What is an algorithm?

A programming algorithm is a computer procedure that is a lot like a recipe (called a procedure) and tells your computer precisely what steps to take to solve a problem or reach a goal

How old Is Data management?

Early Data Management include File and Database systems that were designed prior the relational database in the 1970s. Including ( Flat File Dta. Mangmt. | Hierarchical Dta. Mgmt. Sytms. | Network Dta. Mgmt. Sytms.)

What are the different generations of Databases?

1.Flat file data model:

Organized set of data stored in a long-term storage medium, Disk of Magnetic tape.

2.Hierarchical data model 

Files are related in a parent/child manner, with each child file having at most one parent file.

3.Network data model

Made of data records linked together. Data records are known as “Nodes” and the links as “Edges”. Not restricted to one parent record. Having Schema and Database. It standardized in 1971 by the CODASYL group (Conference on Data Systems Languages).

4.Relational database model (1970 – E.F Codd)

Is an application made of multiple programs that manage data and allow users to add, update, read, and delete data. Designed to use a common and standardized language to manipulate data, called SQL. The minimal requirements to implement RDBMS includes 4 components: Storage Mgmt. ProgramsMemory Mgmt. ProgramsData Dictionary, and Query Language.

Relational databases Major components:

User Interface | Business Logic | Database Code.

Disadvantages: Can’t support large volumes of read and write operations, Low Latency response times, and high availability. When too many users Relational Dtbs, had to increase # of CPU’s for memory increase, which only worked until certain point.

SQL Phrase: SELECT first_name, last_name FROM employees

5.Object oriented database model

It supports the modeling and creation of the data as objects. Can efficiently manage a large number of different data types. Objects with complex behaviors are easy to handle using inheritance and polymorphism etc.

Four Characteristics of Data management systems that are particular important for large scale data management:

Scalability | Cost | Flexibility | Availability

Scaling out? Adding servers as needed, depending on the traffic.

Scaling up? Upgrading an existing database server to add additional processors, memory, network band width to improve performance.
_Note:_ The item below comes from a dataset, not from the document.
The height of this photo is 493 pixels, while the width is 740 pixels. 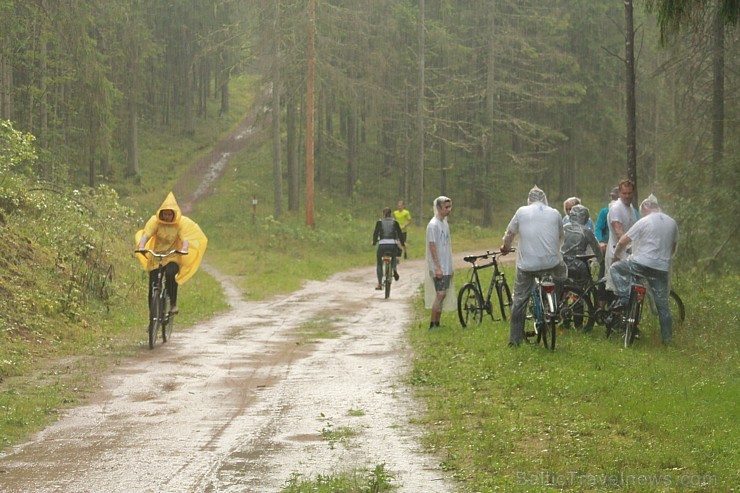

Scaling out is more flexible than Scaling up.

Entity-Relationship Model:

An entity relationship diagram (ERD) shows the relationships of entity sets stored in a database. An entity set is a collection of similar entities. These entities can have attributes that define its properties. An HR schema might include employees, managers, and departments, and an inventory schema warehouses, products, and suppliers.

What are some limitations of Flat Files?

It is inefficient to access data in anyway other than the one it was organized in the file. 

Changes to file structure require changes to programs

Different kinds of data have different security requirements

Data can be stored in multiple files, making it difficult to maintain consistent sets of data. 

List out the major types of data storage and examples of each type of storage.    

Punched Cards: The leading card format was the IBM 80-column card with 80 columns by 24 rows until the 1950s.

Magnetic Tapes: Designed for sound recording. Half-inch tape formats which have the origin in IBM reel-to-reel tape (IBM cartridges, StorageTek cartridges, DLT and LTO); 2) quarter inch and 8-mm QIC tape formats (3M QIC, SLR and Travan.

Magnetic Disks: The primary component in modern storage systems, began with the IBM 350 Disk File [15] developed by the IBM team led by Reynold B. Johnson.

Optical/magneto-Optical Storage Media: are storage media that can record information by changing photo-physical forms on their recording surfaces and read the recorded information by emitting light beams against the surface and sensing their reflection.  LaserDisc (LD), announced in 1980 by David Paul Gregg.

Storage Class Memory: Nonmechanical storage media, such as flash memory, are currently deployed for secondary storage in computer systems. Flash memory is a sort of electrically erasable programmable read-only memory (EEPROM)

Storage Networking: can connect arbitrary storage devices and computers via a network often designed for connecting storage devices. A SAN links together multiple storage devices and provides block-level storage that can be accessed by servers.

Cloud Storage and the Future: storage service providers (SSPs), started to manage customers’ storage systems in their data centers, where customers could access their business data via broadband networks. From the customers’ viewpoint this trend was rightly regarded as storage management outsourcing, which was enabled by the emerging storage virtualization technology. Currently major cloud-based storage services include Amazon S3, Windows Azure Storage, and Google Cloud Storage.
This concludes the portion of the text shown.